Published in 2001 the agile manifesto is now 20 years old, but it’s still alive. The values and principles of the Manifesto for Agile Software Development make a lot of sense to me, they resonate with me on how I collaborate with people to deliver value.

Over the years I got a lot of inspiration and useful ideas from the authors who wrote the agile manifesto. In this article series on the agile manifesto, I’ll explore what I’ve gained through reading stuff that has been published by the authors, talking with them or interviewing them, or collaborating with them.

In the first article The Agile Manifesto: A new mindset I explained how the agile manifesto gave visibility to a new mindset and explored how the alphabetically first six authors inspired me and what I learned from them. The second article The Agile Manifesto: Why Agile Makes Sense showed that the manifesto wasn’t something “new” thing to me but still made a lot of sense; also the article includes inspiration from six more manifesto authors. This third and final article in the series on the Agile Manifesto explores what agile has brought us. And I’ll share the third block of five manifesto authors, showing how they inspired me and what I have learned from them.

What agile has brought us

Opinions about what agile has brought us vary a lot. Some of it is great, but not all of it is.

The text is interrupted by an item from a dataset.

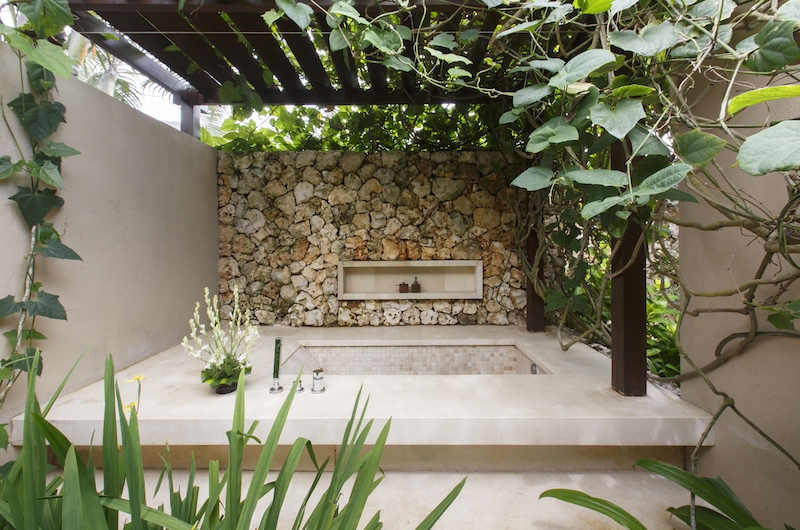Villa Ambar Bathtub | Ungasan, Bali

Agile makes us focus on people instead of processes. Could this help to create more humane organizations? I know of some organizations who not only say that their employees are important, but also act that way. They fully support self-selection and self-organization. They trust their people, give them space, and allow them to do their work the way they want to do it. Many of them mentioned that taking an agile approach helped them to establish conditions where people can grow.

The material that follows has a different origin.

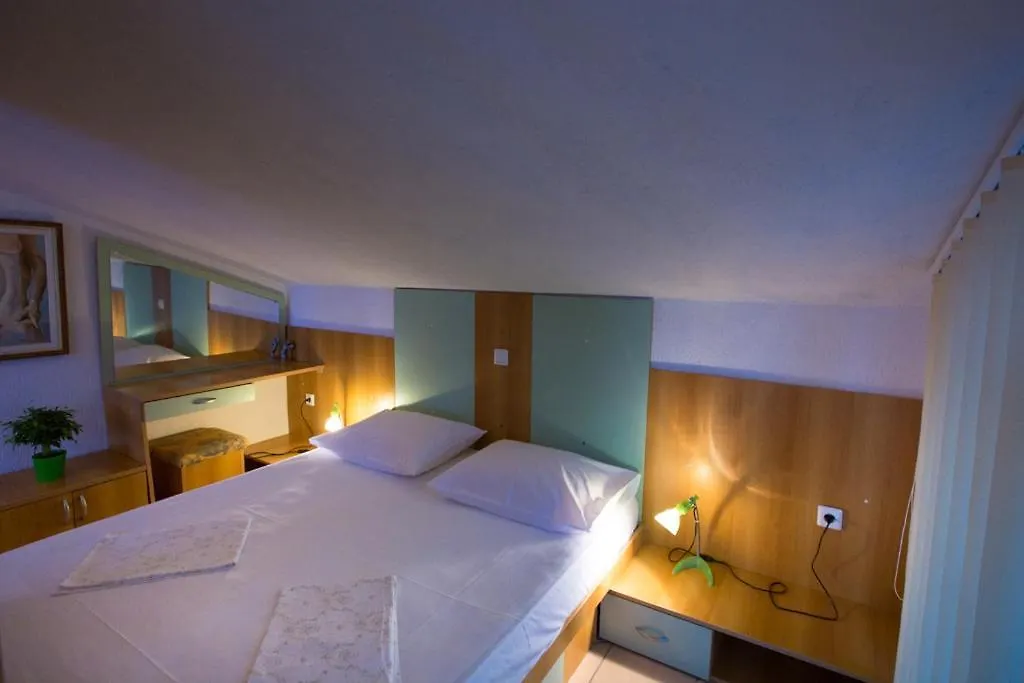 Apartmani Fuza Rab Supetarska Draga Croatia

But, such companies are rare. Most companies that say that they adopted agile still treat their people as resources. They expect them to become self-organized by telling them how to do their work. They fail to establish a culture of psychological safety where people dare to speak up. Putting people in the center is key to increase agility, stop telling people what to do. Cargo-cult agile, which damages people is a bad thing.

The agile manifesto has made us aware of the importance of collaboration and communication. I’ve seen discussions around agile help people think about how they want to work together, how to align and coordinate, how to become more transparent and open. Communication and collaboration are hard, but they are key aspects to deliver something of value to someone. Communication issues need to be dealt with.

At the same time, I see people who blame agile for causing problems. When there’s an issue, they say it’s because they have to be agile. This is nuts! Agile doesn’t cause problems, the problems were there all the time. Agile brings problems to the surface and can foster safe discussions to solve them. Stop blaming agile, start solving your real problems!

I believe the agile manifesto has created a stage for modern (and better) approaches for organizational change. Agile has also helped to bring out many modern leadership approaches. These approaches for change and leadership support self-organization, empowerment, reflection, and continuous improvement, which are key aspects of agile.

Unfortunately, most agile adoptions are still done as agile transformations, using a “classic” change approach that tends to fail utterly. It doesn’t work as such an approach is incongruent with an agile mindset. The best evidence that this doesn’t work is that most of the agile transformations fail. People don’t want to be transformed, imposing agile doesn’t lead to higher agility. In fact, it reduces it.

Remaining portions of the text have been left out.